Se pueden ver todavía los restos de un horno, sus ventanas grandes, demasiado suntuosas para una vivienda normal. En el muro del norte hay, algo borrada por el tiempo, una misteriosa gran cruz pintada con sangre de toro o en almagre, como en las viejas iglesias, y otra más pequeña, con un INRI marcado muy fino y dos números 17… Quizá fuera en el siglo XVIII cuando fue prisión tenebrosa por última vez. O no, según la historia que he oído después. Hay quien dice que hasta hace poco se podía entrar en las mazmorras, donde había ganchos de hierro en las paredes y una viga que se usaba como cadalso.

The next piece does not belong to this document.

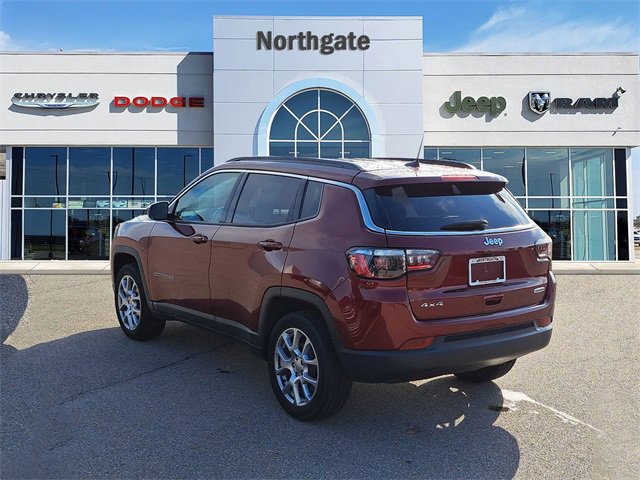 Used 2022 Jeep Compass Latitude image 3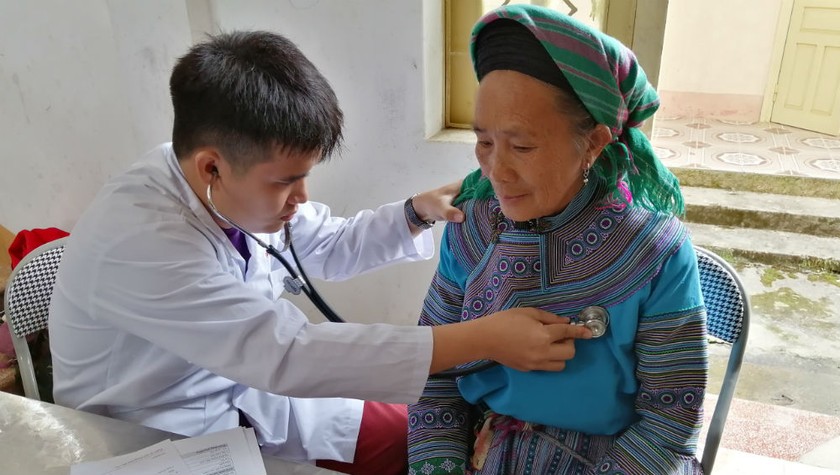 Bác sĩ Nguyễn Phong Phú khám bệnh cho bà con dân tộc ít người ở xã Pha Long.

Villacarrillo era a principios del siglo XIX la cabeza del Partido Judicial de la parte oriental del entonces Reino de Jaén, con siete villas bajo su jurisdicción y nueve ayuntamientos. Parece lógico que una especie de delegación de la Inquisición tuviera allí también su sede.
No había muchos judíos conversos por aquellos pueblos a quien perseguir. Más probablemente serían sus víctimas mujeres acusadas de brujerías, como las que se reunían a hacer conjuros y adorar la Luna, dicen, en las inmediaciones de la torre mora de Los Lagartos. Esta todavía se alza en el camino de La Puerta a Siles. La torre (cuya etimología, como la del Cardete viene de lacerti, lugar defendido y fuerte) es muy anterior a los musulmanes, probablemente de la época de las guerras púnicas, como las otras tres que se alzan aún entre Orcera y Segura.
El interior del cortijo es hoy inaccesible al haber colocado los propietarios actuales, una empresa aceitera cordobesa, unas alambradas que protegen de los derrumbamientos pero ocultan para siempre la historia de esa aislada, enorme y singular edificación. Se pueden apreciar tres cuerpos diferentes, con sillares y mampostería diferentes. Un ave rapaz sobrevuela las ruinas en la mañana de julio aún no arrebatada por el calor.
La historia, o la leyenda, mejor, se complica porque tuve una borrosa noticia de un caso extraño ocurrido durante la Guerra de la Independencia. Al parecer, encontraron allí, hacia 1810, el cadáver desfigurado de un soldado francés. Es sabido que el IV Cuerpo de Ejército, al mando de Sebastiani, entra en Andalucía desde Villanueva de los Infantes por Montizón, aunque sufren bajas en una emboscada en las inmediaciones. En Montizón fue deshecho por los franceses el pequeño cuerpo de ejército mandado por Gaspar Vigodet, en enero de 1810.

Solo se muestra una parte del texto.